Against Screening

Matthew Simonson writes:

I have a question that may be of interest to your readers (and even if not, I’d love to hear your response). I’ve been analyzing a dataset of over 100 Middle Eastern political groups (MAROB) to see how these groups react to government repression. Observations are at the group-year level and include human-coded variables based on news reports and archival research such as “Did the group attack civilians in year X” or “was the group outlawed in year Y.” Though I started from a theory, there was no pre-registration, and I’m almost certainly guilty of unwittingly chasing significance down forking paths, but I now have the rare opportunity to make amends. I have come across another dataset of political groups coded at the group-year level (NAVCO 2.0) where I could potentially run the same analyses, thus rendering my first dataset “exploratory,” and then use this new dataset to confirm or refute what I’ve previously found. NAVCO 2.0 has different coding rules (e.g. it tends to lump all the opposition groups in a given campaign into a single unit), wider geographic and temporal scope, and thus relatively little precise overlap with MAROB. Some of the variables it coded are similar to MAROB but don’t match up one-to-one and have different coding rules. Nevertheless, there are a number of aspects of my theory which I think are testable under both datasets. This seems like a golden opportunity to avoid p-hacking, and it may be the closest one ever really gets in international relations to running an experiment over again to confirm one’s earlier findings. How do I go about this in a scientifically-honest manner? How do I avoid screwing this up?

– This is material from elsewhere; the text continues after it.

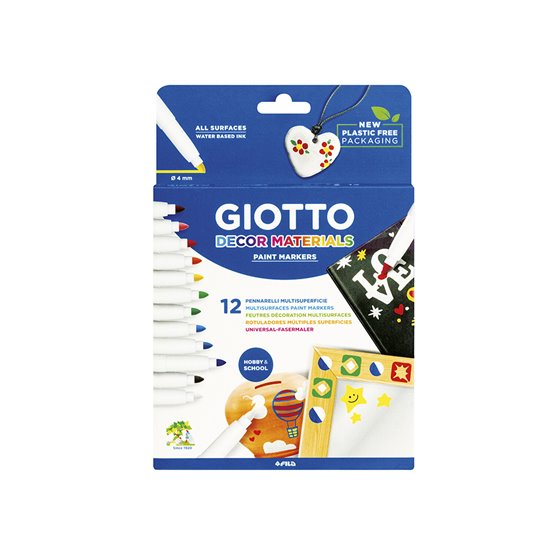 Rotulador Giotto Decor Materials -Caja De 12 Colores Surtidos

My reply: I do think it makes sense to preregister some analysis on your new dataset, but I don’t think you should pull out just one particular hypothesis to study.

Instead I recommend a multilevel model. Or, if you don’t feel like doing that, you could try an intermediate approach and perform a secret-weapon-type analysis where you look at all of the comparisons of interest, and display all your estimates and uncertainties in a single plot. In any case, you want to get away from the trap of just picking out estimates that exceed some “statistical significance” threshold.

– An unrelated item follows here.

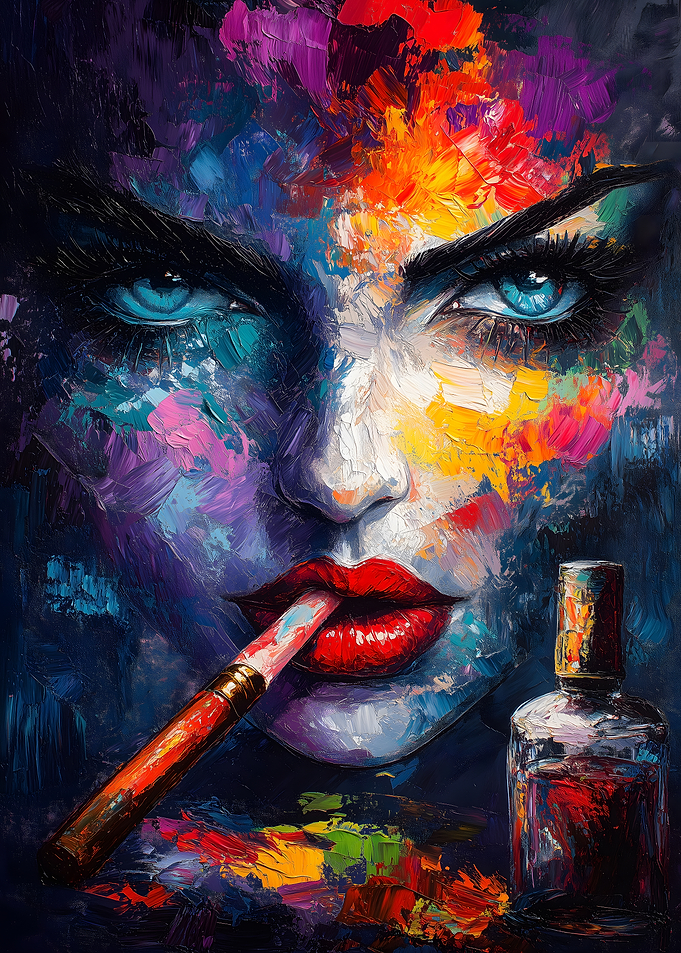 Woman with Cigarette and Perfume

This “get away from the trap” thing applies to your initial, exploratory analysis as well. For example, here’s a tempting strategy: Do the exploratory analysis, pick out a statistically significant finding, then run the confirmatory analysis just to be sure. That would be a mistake. Why? Because that statistical significance from the original study—that low p-value or that posterior interval that happens to exclude zero—is itself noisy. Better to push through all your ideas than to do some sort of noisy screening process which is only a step above making your research decisions based on consulting random numbers.

3 thoughts on “Against Screening

  1. Noisyness is thy name. Yes Andrew that noiseyness has dogged anything to do with ME issue

    I simply do not envision how such an effort can do justice to a very complex topic. For starters, I see one reference listed in the link provided. Moreover one would have a command of not only the political history but ironically enough a grounding in the economics of wars and conflicts which I would speculate ia beyond the reach of most researchers. Even classified. More importantly there have been such limited pools of assumptions and ‘theories’ that impede prospects for reducing or ending violence in the ME region.

    • RE: ‘Better to push through all your ideas than to do some sort of noisy screening process which is only a step above making your research decisions based on consulting random numbers.’
      ———
      This is where basic logic and grounding in cognitive biases could be helpful, with the caveat some of these cognitive biases need way more refinement. I’ve been exploring these for over 16 years. Maybe longer. Just a hobby.

  2. Andrew, I wonder if it’s worth explaining your penultimate paragraph to distinguish it from the “green jellybean” approach. You had a nice post on that sometime recently, I think. This post is more cryptic, and the difference between a secret weapon and a green jellybean seems less blatant.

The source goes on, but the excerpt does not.